Good point @snilsn and thanks for testing this one more time. I believe that you can be right about the distance
parameter which is set to 25000 m by default and is compared to the actual distance between your features that depend on what you had chosen as dxy
(maybe we should change this ? - see my comment below)
OK, I've updated the PR with the latest changes from RC_v1.4.0
and re-run black for the utils.py
file.
On the testing front, I'll take a stab at adding a test (tests?) based on what @snilsn has done above and will PR to @kelcyno's branch. That seems like the best path forward to me? Sorry for pushing on this; I'm just very eager to get 1.4.0 (and 1.5.0) out.
That sounds good to me @freemansw1. Thank you for taking initiative on the test!
On the testing front, I'll take a stab at adding a test (tests?) based on what @snilsn has done above and will PR to @kelcyno's branch. That seems like the best path forward to me?
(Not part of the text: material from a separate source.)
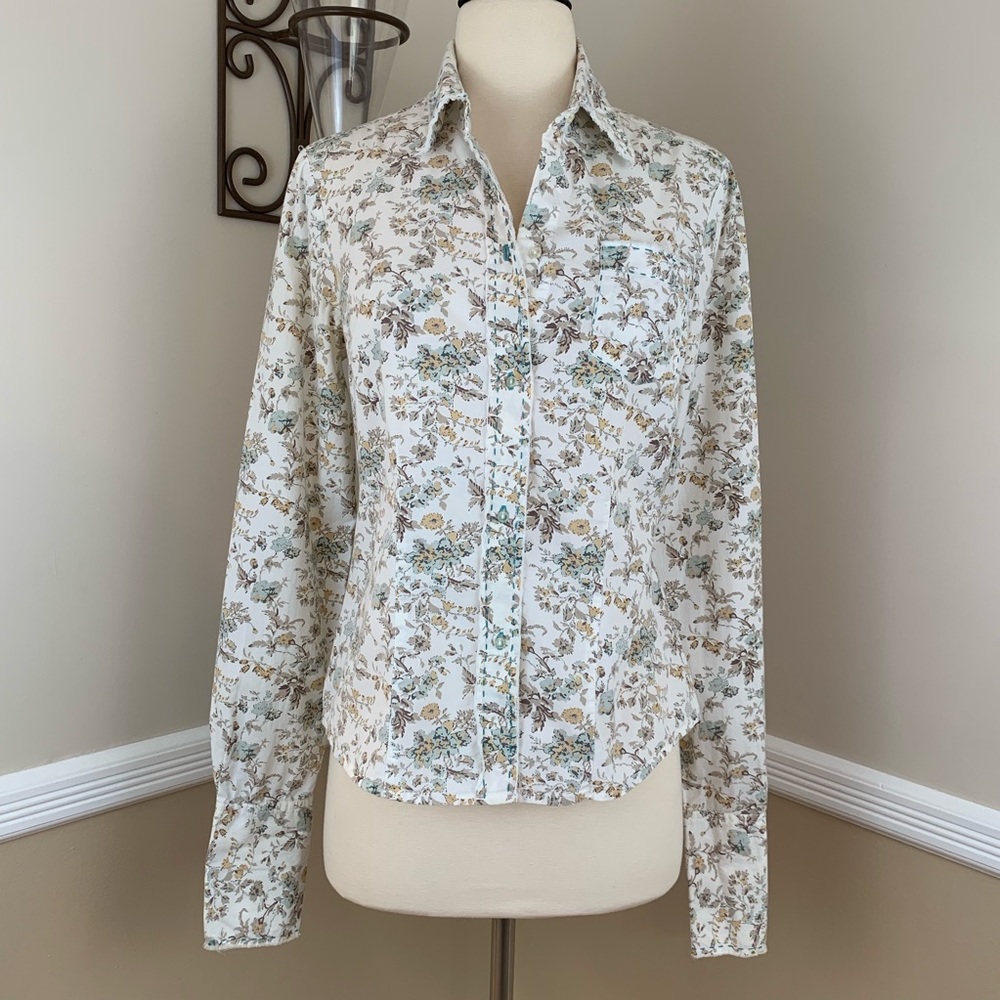 Free People Floral Embroidered Button Down Shirt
If @kelcyno does not have time to review and is OK with this, you could also directly commit your test to this PR like you have done @freemansw1 ( https://tighten.com/blog/adding-commits-to-a-pull-request/ )
Note: the merge_split.py
file isn't appearing in the documentation; I'm not sure why this is, but I need to fix it before merging.
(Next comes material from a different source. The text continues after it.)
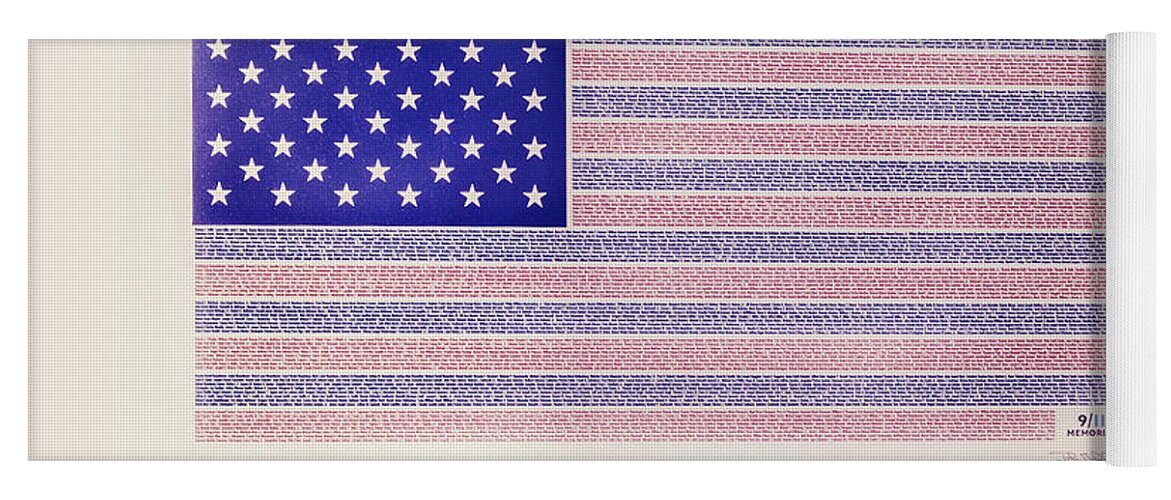 New York Yoga Mat featuring the photograph Flag of Honor 9-11 Memorial - Poster by Angela Stanton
@freemansw1 I'm not a huge fan of only making the distance threshold mandatory. I think it's important to have a default option, as the other functions all have default values if no keyword is given. We can make it clear in the documentation that inputting the users own distance is recommended, but having a value ~ 10x the dxy term as default is what I prefer. You're within your purview to override me here, but I think we can do a lot with documentation here to help the user.
@JuliaKukulies I can review the PR. Real quick, to make sure our labeling is consistent - the Feature numbering begins at 1, the cell numbering begins at 0 or 1? I've been initiating the Track numbering at 0 but I'm wondering if I need to make it start at 1 to be consistent. Thoughts?
@kelcyno That's a reasonable perspective. I will note that we probably should have fewer default values, but in general, having a default value of None
(that we set to 10x dxy
in the code) would be a great compromise. If we decide not to have a default in the future, that's a lot easier to undo than requiring the parameter (see our #125 headache).
@kelcyno I'm about to open a PR onto your branch with my test (and a few other changes, too).